▸ EXERCISE GOAL
Pictures in the records below are skipped; the rest is copied exactly.

━━━ MATERIAL SHOWN ━━━

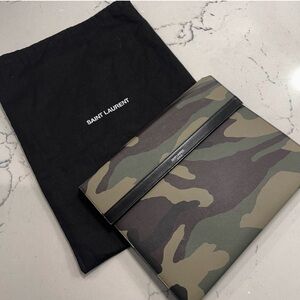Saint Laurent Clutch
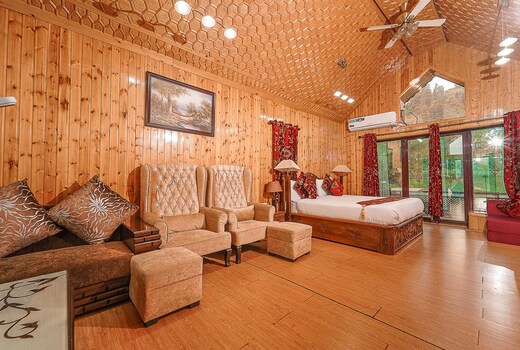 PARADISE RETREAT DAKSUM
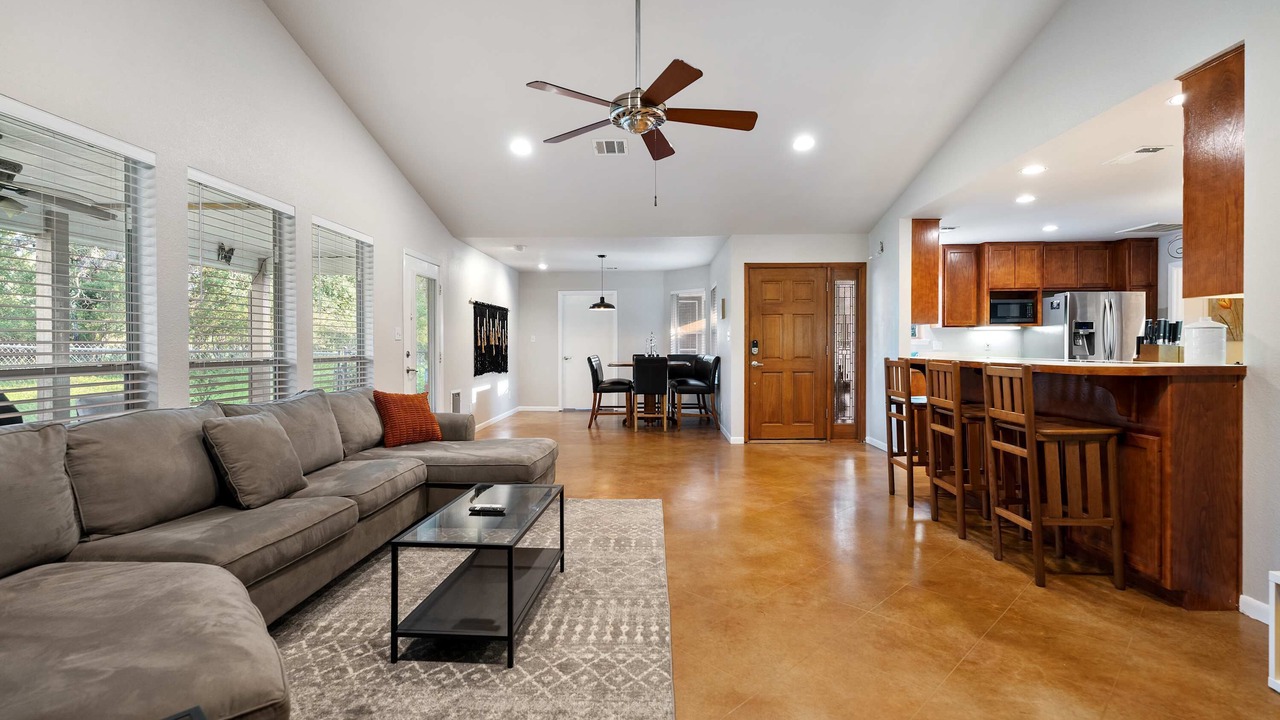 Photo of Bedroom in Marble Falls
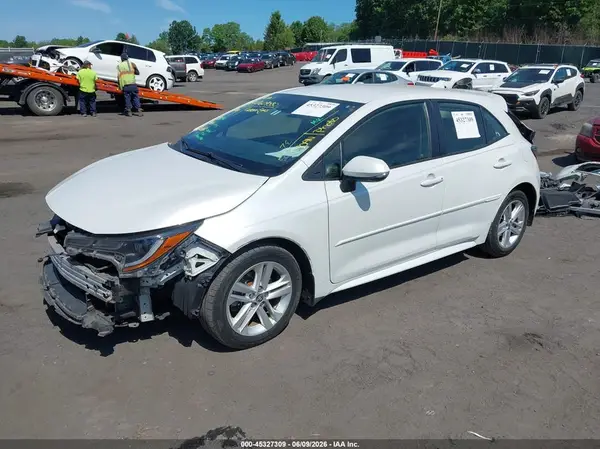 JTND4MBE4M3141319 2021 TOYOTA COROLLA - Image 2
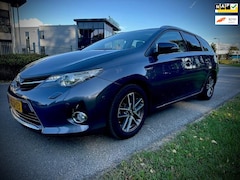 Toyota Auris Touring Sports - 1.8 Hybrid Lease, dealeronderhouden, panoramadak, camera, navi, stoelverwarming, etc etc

━━━

▸ THE COMPLETED TASK
Saint Laurent Clutch
 PARADISE RETREAT DAKSUM
 Photo of Bedroom in Marble Falls
 JTND4MBE4M3141319 2021 TOYOTA COROLLA - Image 2
 Toyota Auris Touring Sports - 1.8 Hybrid Lease, dealeronderhouden, panoramadak, camera, navi, stoelverwarming, etc etc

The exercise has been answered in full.